Before a prosecutor can charge you with a white-collar crime, a grand jury must meet to decide if there is enough evidence to charge you with the crime. A grand jury is a group of people chosen from your local community or within your state. The state puts the jury together in the same way it puts together any other jury. 

According to the Texas Constitution and Statutes, the duty of a grand jury is to hear evidence against individuals upon whom the prosecutor wishes to bring charges and make a decision on indicting the person. The grand jury does not decide whether you are guilty. They simply make the decision about bringing charges against you. 

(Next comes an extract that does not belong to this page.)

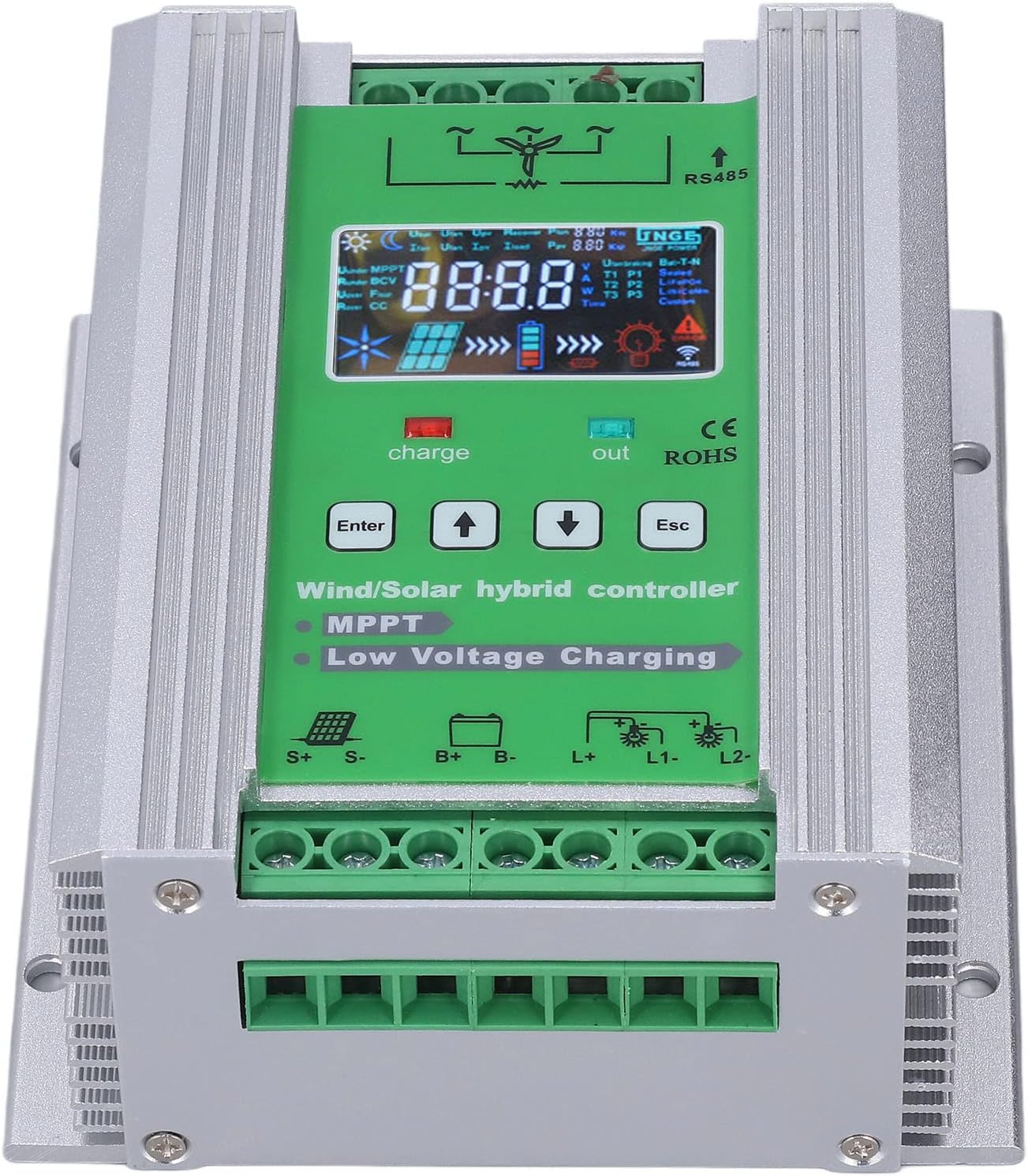 Akozon Wind Solar Hybrid Charge Controller 1000W - Efficient MPPT Regulator for Wind and Solar Energy Systems (DC12V/24V)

A grand jury is a unique situation. It is not a typical court procedure, but it is still a legal proceeding. Due to this, there are some different rules for who can be in the room and whom to involve in the process. 

No representation 

Because you are not on trial during grand jury proceedings, you do not have a right to be present or to have an attorney represent you during the proceedings. Know that you will have your chance to speak out against the charges and to make your case if the grand jury indicts you and your case goes before the court. 

Those present during proceedings 

Besides the actual jury members, the only people present for the proceedings are the prosecutor, a stenographer, bailiffs, witnesses called by the prosecutor and anyone needed to run electronic equipment. During deliberations, the only people in the room are jurors. 

Grand jury proceedings do not include a judge because there is no decision on guilt and no need for anyone to hear a case. The only presentation is evidence and possibly witness testimony to prove the prosecutor has enough evidence to charge you with a crime.